Find $Cov(X,Y) $ for $f(x,y)=e^{-y}$, where $0 \leq x \leq y$ and $E[Y|X]=x+1$:

Question

Find $Cov(X,Y) $ for $f(x,y)=e^{-y}$, where $0 \leq x \leq y$ (and $E[Y|X]=x+1$ that I found in a later part of the problem):

I know that $Cov(X,Y)=E[XY]-E[X]E[Y]$, where I think $E[XY]=E[xE[Y|X]]=E[x(x+1)]=E[x^2+x]=\int_{x}^\infty \int_{0}^y (x^2+x)(e^{-y})dxdy$

However the integration gets very difficult and I am not sure on the bounds of integration.
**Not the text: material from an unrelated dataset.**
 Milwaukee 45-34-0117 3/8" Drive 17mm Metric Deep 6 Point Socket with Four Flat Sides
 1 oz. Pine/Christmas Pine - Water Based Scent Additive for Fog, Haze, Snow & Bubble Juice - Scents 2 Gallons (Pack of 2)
Is there a simpler way to find the $cov(X,Y)$?

Answer 1

There is a confusion here. Let's start from the product. I will use indices to explicitly denote with respect to which PDF we are computing the expected value: \begin{eqnarray*} E_{X,Y}[XY]&=&\int\limits_0^{\infty}\int\limits_x^{\infty}xyf_{X,Y}(x,y)dydx\\ &=&\int\limits_0^{\infty}\int\limits_x^{\infty}xyf_{Y|X}(y|x)f_X(x)dydx\\ &=&\int\limits_0^{\infty}xf_X(x)\int\limits_x^{\infty}yf_{Y|X}(y|x)dydx\\ &=&\int\limits_0^{\infty}xf_X(x)E_{Y|X}[Y|X]dx\\ &=&\int\limits_0^{\infty}(x^2+x)e^{-x}dx\\ \end{eqnarray*} The last step is because $E_{Y|X}[Y|X]$ is only a function of $X$, not $Y$. Now, my calculations show that: $$E[XY]=3$$ and after finding the marginal PDFs of $X$ and $Y$ that $E[X]=1$ and $E[Y]=2$.

Answer 2

The marginal distribution of $X$ is $f_X(x)=\int_{x}^\infty e^{-y}dy=e^{-x}$ (exponential with mean and variance equal $1$). Then $\mathsf{E}X^2+\mathsf{E}X=\operatorname{Var}(X)+(\mathsf{E}X)^2+\mathsf{E}X=3$. Also $\mathsf{E}Y=\mathsf{E}[\mathsf{E}[Y\mid X]]=2$.